Data for processing -
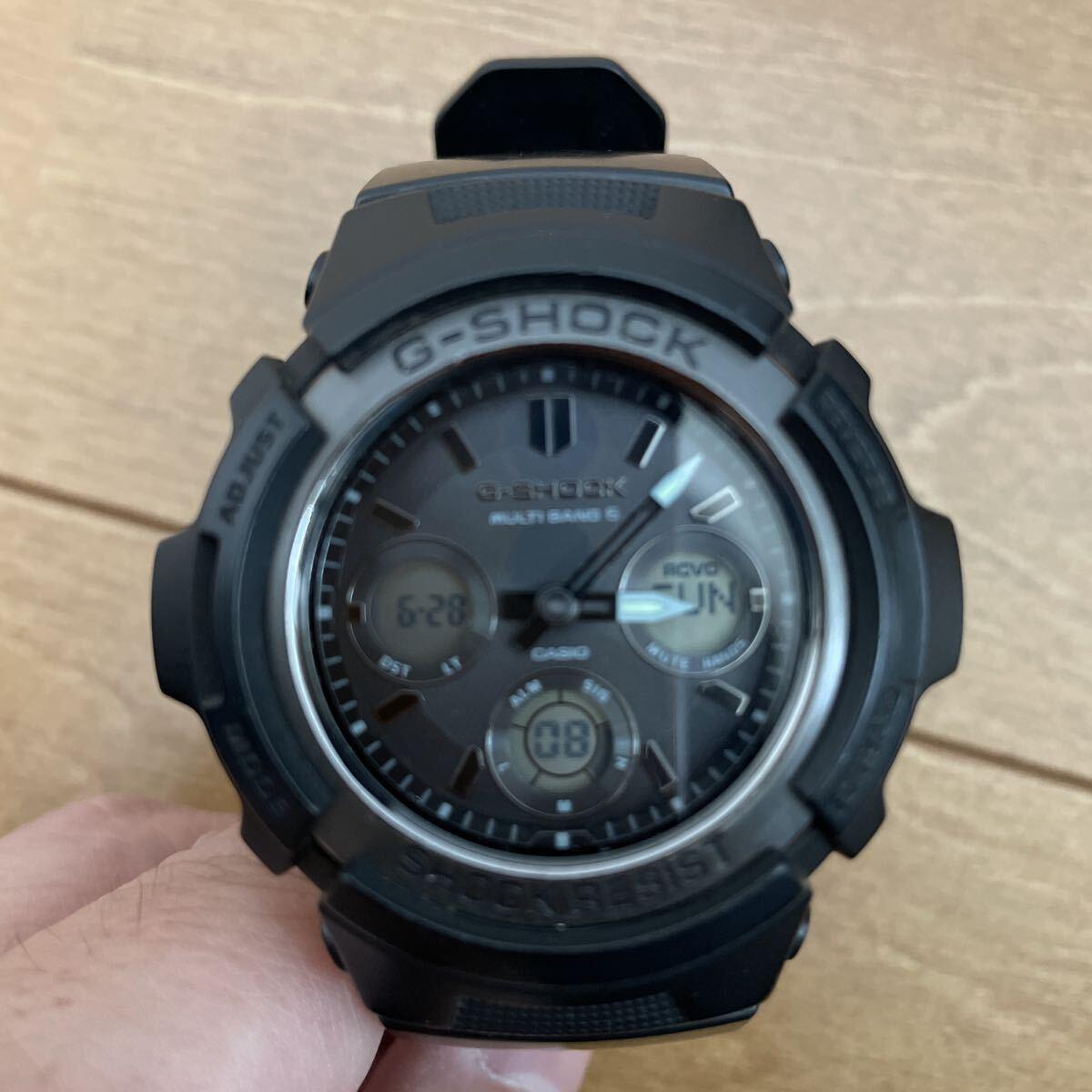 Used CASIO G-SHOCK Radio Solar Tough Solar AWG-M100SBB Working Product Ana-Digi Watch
* * *
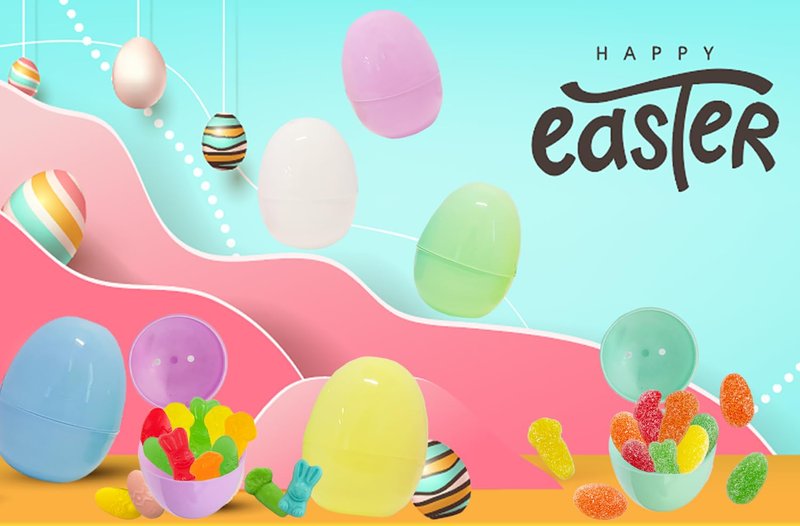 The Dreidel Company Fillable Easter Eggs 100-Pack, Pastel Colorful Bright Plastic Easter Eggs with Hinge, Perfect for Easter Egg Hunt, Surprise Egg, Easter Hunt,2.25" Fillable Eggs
--
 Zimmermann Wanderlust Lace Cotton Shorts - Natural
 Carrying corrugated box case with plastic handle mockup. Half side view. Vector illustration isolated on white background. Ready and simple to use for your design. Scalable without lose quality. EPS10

What to produce - Could you reproduce, exactly, every line above from the line with "Zimmermann Wanderlust Lace" to the line with "Carrying corrugated box", and no other line? Both ends count.

Result of the exercise -
 Zimmermann Wanderlust Lace Cotton Shorts - Natural
 Carrying corrugated box case with plastic handle mockup. Half side view. Vector illustration isolated on white background. Ready and simple to use for your design. Scalable without lose quality. EPS10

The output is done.